Could you copy exactly the lines from the one containing "Silver Pheasant Plumage" through the last line of the records, leaving out every picture?

▸ INFORMATION SHOWN:
--------------------------------------------------
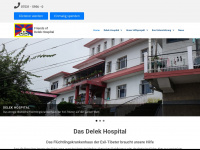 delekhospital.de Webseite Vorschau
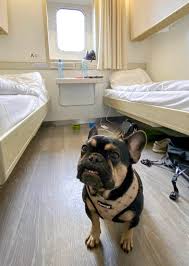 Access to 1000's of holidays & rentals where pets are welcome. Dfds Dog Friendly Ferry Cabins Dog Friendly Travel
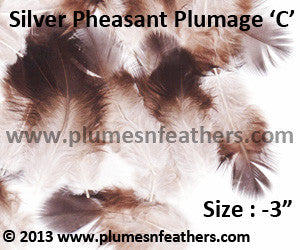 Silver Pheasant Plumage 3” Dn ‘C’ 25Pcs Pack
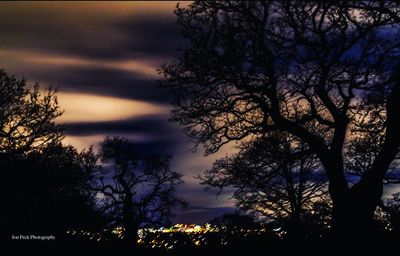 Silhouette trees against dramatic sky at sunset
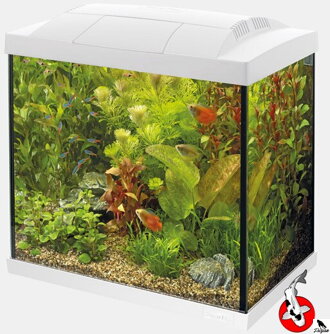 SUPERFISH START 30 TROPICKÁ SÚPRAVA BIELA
--------------------------------------------------
▸ YOUR SOLUTION:
 Silver Pheasant Plumage 3” Dn ‘C’ 25Pcs Pack
 Silhouette trees against dramatic sky at sunset
 SUPERFISH START 30 TROPICKÁ SÚPRAVA BIELA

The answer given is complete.